一言で「セキュリティ」と聞くと、何を思い浮かべるでしょうか。多くの人は、黒いパーカーを被った怪しい人が、何かしらをPCに打ち込んでいるような映像をイメージするのではないかと思います。

「セキュリティ」のイメージ

よくわかります。私もコンサルタントとして就職する前は、このようなイメージを持っていましたし、「セキュリティに詳しい」=「なんか難しいコマンドとかたくさん打って、何なら悪いことできそう」みたいな印象を抱いていました。

情報セキュリティの文脈では、セキュリティは対象の機密性・完全性・可用性を保つことを指します。言い換えれば、関係のない人からのアクセスを防ぎ、情報を最新かつ改ざんされない形で保存し、いつでも使える状態にしておく、ということを指します。

セキュリティのイメージと実際の乖離

セキュリティを保つための営みは、世間一般の人が思い浮かべるのとは裏腹に、実は企業のガバナンス、オペレーション、そしてテクノロジーという幅広い分野によって成立しています。
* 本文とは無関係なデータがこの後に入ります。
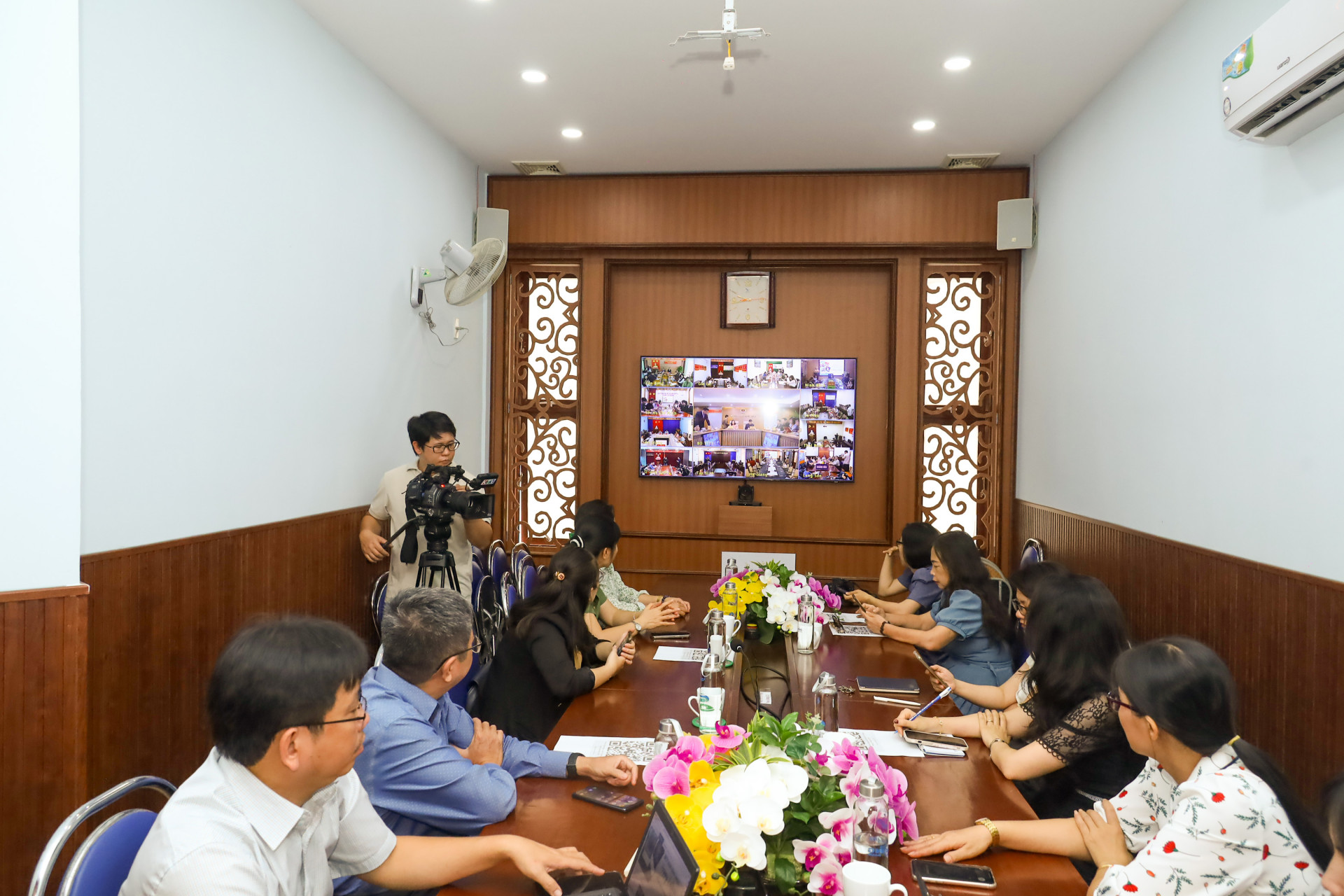 Hình ảnh tham dự lễ phát động cuộc thi ảnh, video “Việt Nam hạnh phúc - Happy Vietnam” tại điểm cầu tỉnh Khánh Hòa.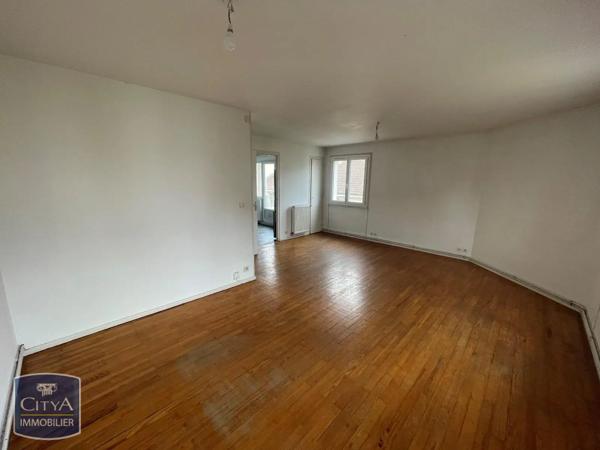 Appartement à louer 5 pièces 82m²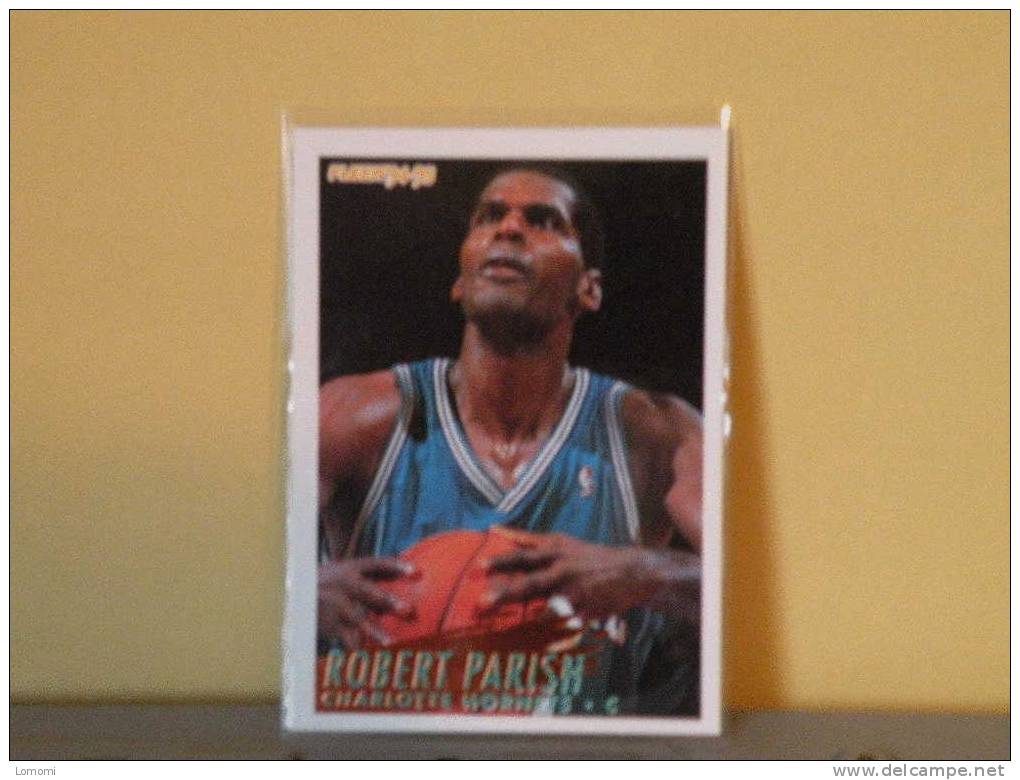 Charlotte Hornets 94/95 ( Carte ) ROBERT PARISH - N.B.A . N° 256 . 2 Scannes - Charlotte Hornets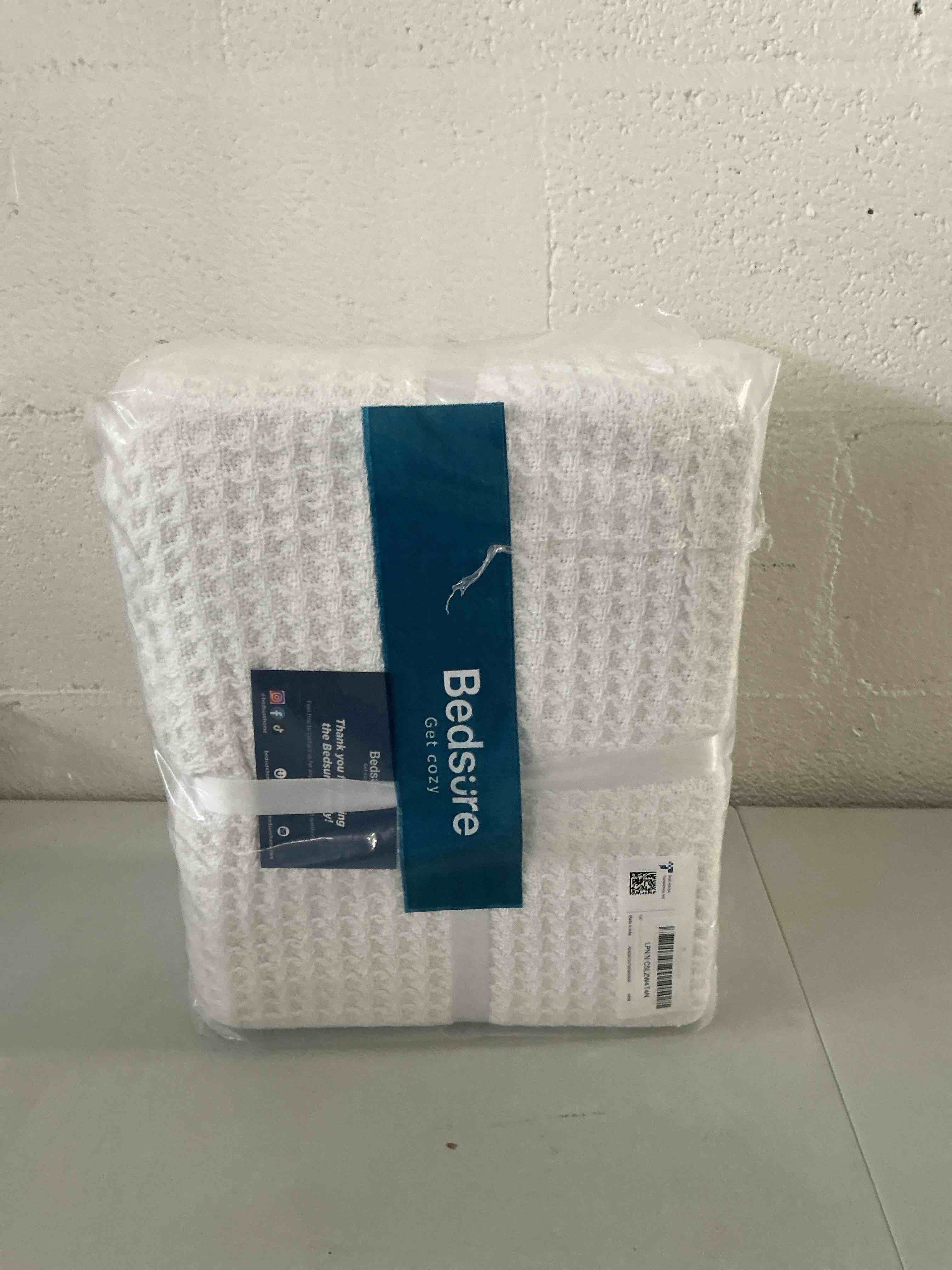 https://s3.amazonaws.com/lotting-images-prod/NonstopDeals/TEA2146724_1751928894174.jpeg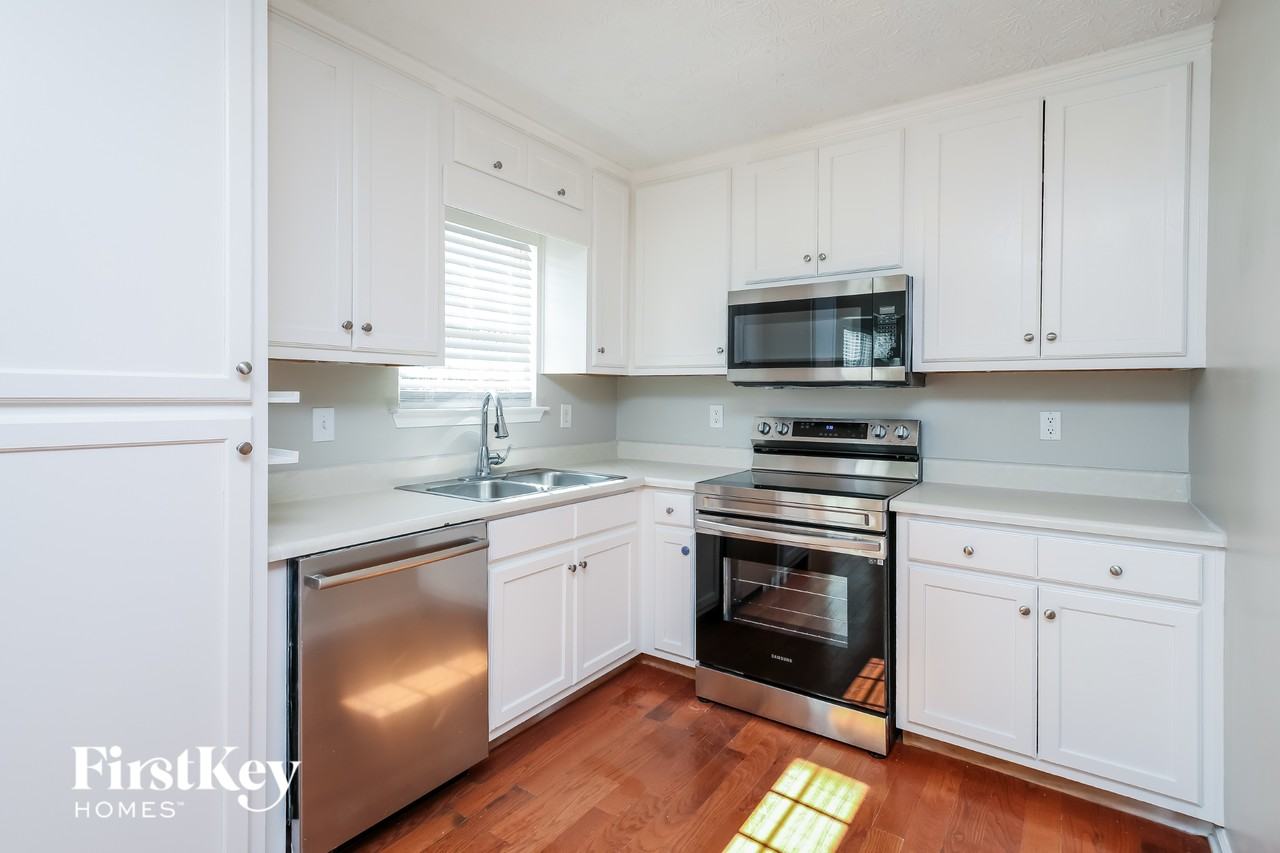 4501 Waterman Dr - Photo 5 of 15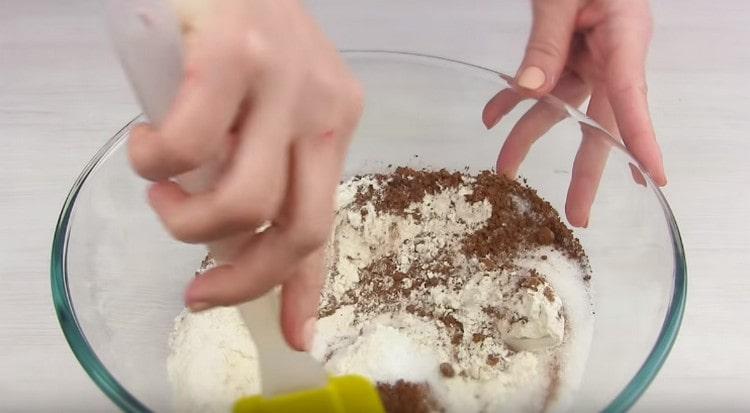 Разбъркайте добре сухите съставки.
  1. ガバナンス:企業のミッションを推進するために、どのようなセキュリティ戦略を策定していくのかを検討し、策定された戦略通りにセキュリティが実践されているのかを把握・評価し改善していく営み。
    (一般的な整理における組織的管理策の一部を含む)
  2. オペレーション:例えば適切な人にのみアクセス権を与える、脆弱なプログラムに対してセキュリティパッチを適用するなどセキュリティを確保するための人による運用を指す。
    (一般的な整理における組織的管理策、人的管理策、物理的管理策、技術的管理策の一部を含む)
  3. テクノロジー:セキュリティを保つために、事前に設定されたロジックに基づいて、自動的に処理を行う機構を指す。
    (一般的な整理における物理的管理策、技術的管理策の一部を含む)

そして、このような整理においてはセキュリティの専門家といっても様々です。

  • IT・セキュリティ戦略の立案をする人
  • 企業のセキュリティオペレーションの設計をする人
  • 策定されたオペレーション通りの運用を管理する人
  • オペレーションに従って作業をする人
  • セキュアな基盤やプログラムを構築するエンジニア

自身の経験を振り返れば、1・2点目くらいを進めていたようなイメージになるかと思います。いかに一般的なイメージからかけ離れている世界かということが少しでもお分かりいただけるでしょうか。

「セキュリティ」がキャリアの役に立つ理由

例えばこれから20キロ先の目的地まで車でレースをしようというときに、最速で到達するためには車にブレーキは必要ないでしょうか?そんなことはありませんよね。道が曲がりくねっていれば、時にアクセルを全開にし、時にブレーキをかけながら進んでいく必要があります。「アクセル」だけでは壁にぶち当たり、最悪の場合には再起不能となってしまいます。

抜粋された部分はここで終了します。